Those who recently have done gardening or lawn maintenance probably have noticed the price of fertilizer has increased exponentially.
According to Liberty County extension coordinator Robert E. Bell, the high cost of fertilizer — plus ever-increasing fuel costs — are hurting Georgia farm families and forcing many small agri-businesses to give up the family land and occupation that has sustained them for generations.
“What has happened is, there was a tremendous spike in fertilizer prices, mostly due to the increased cost of natural gas (used to make nitrogen fertilizers),” Bell said. “And though the production of natural gas has increased, the price has not decreased. That’s because demand for fertilizer (here and in developing countries) is higher. Even though we expect greater production yields this year, farmers’ gains will be lower due to increased costs.”
Bell said fuel costs are incurred three ways:
• Fuel is used to transport the raw material to make the fertilizer.
• Fuel is used to transport the finished product to distribution centers.
• More fuel costs then are added from running the farm equipment used to disperse the fertilizer, plant and harvest the crops.
“There are fewer and fewer farmers in Georgia, but farms are getting larger,” Bell said, noting that the larger farms usually are corporate farms. “To keep their farms, most family farmers are taking on part-time jobs and diversifying their crops. They’re building their own storage facilities to buy up and keep fertilizers when the price drops and to store their crops until the market price is high enough to make a profit.”
Bell said another change is that most Georgia farmers now are senior citizens.
The younger generation is not interested in maintaining the family farm or the struggles that go with it.
“Farming is still profitable, but farm profits have been reduced by as much as 12 to 20 percent,” he said. “Of course, there are still niche markets like our sweet Vidalia onions or (Lake Blackshear) watermelons. Some farmers have also turned a good part of their land into pine tree farms, which gives them a market for wood products and pine straw.”
Bell said many farmers stay in business by developing and following best management practices for weed and pest control.
Others are using global positioning systems to maximize operation of farm equipment, preventing overlapping of fertilizer or seed applications.
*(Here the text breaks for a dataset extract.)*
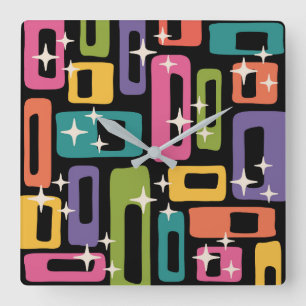 Retro MCM Abstract atoomouderingspatroon Vierkante Klok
Bell, who has worked with University of Georgia Agriculture Extension Agency for 25 years and has been the Liberty County Coordinator for 16 years, said he assists both farmers and homeowners with anything related to the environment.
“One thing I tell people to help them save money on fertilizers is to have their soil tested,” he said. “If your soil is acidic, adding fertilizer won’t help. You may want to apply lime to raise the pH level. I also assist with information about controlling pests like moles and fire ants.”